* _COLLECTED DATA_
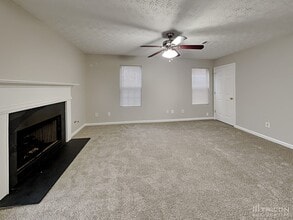 6090 Flagstaf Walk in Mcdonough, GA - Building Photo - Building Photo
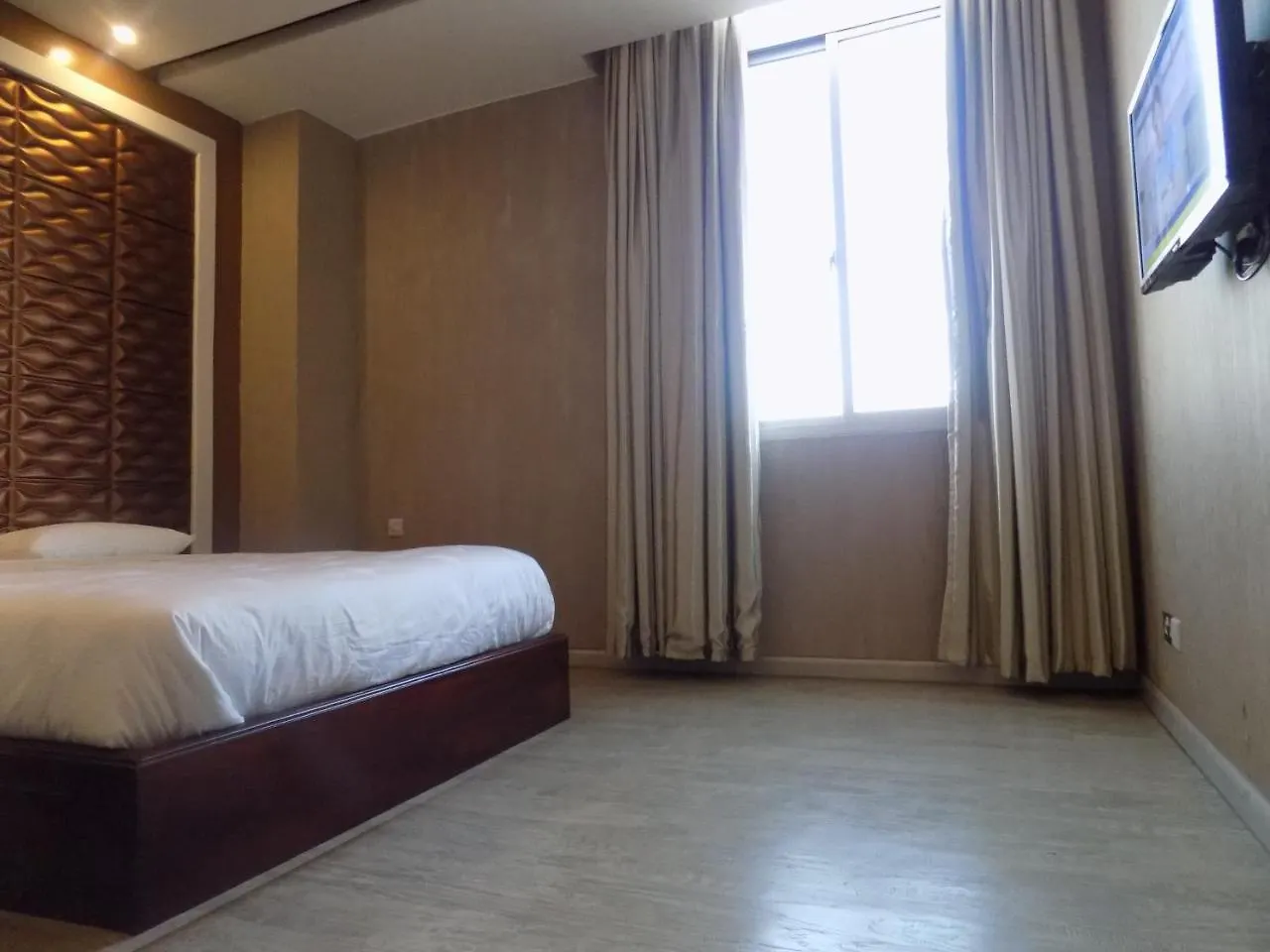 Freedom City Hotel Najjanankumbi Kamapala 캄팔라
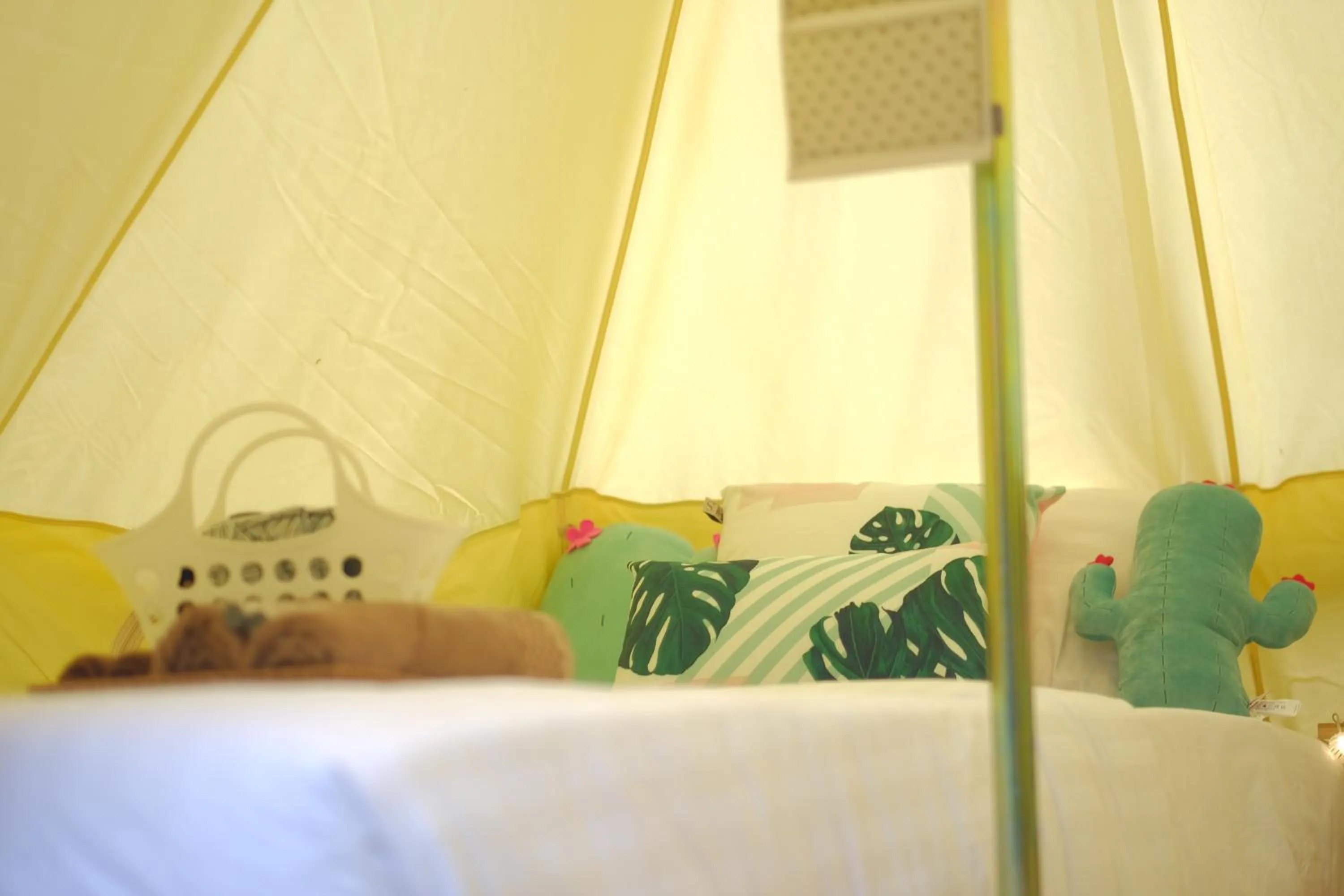 Bed in O Little Tent de Koh Chang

* _WHAT THE TASK ASKS_
Exactly as written, set down the lines from the line holding "Freedom City Hotel" to the last line of the data, both ends included, pictures excluded.

* _RESULT OF THE TASK_
 Freedom City Hotel Najjanankumbi Kamapala 캄팔라
 Bed in O Little Tent de Koh Chang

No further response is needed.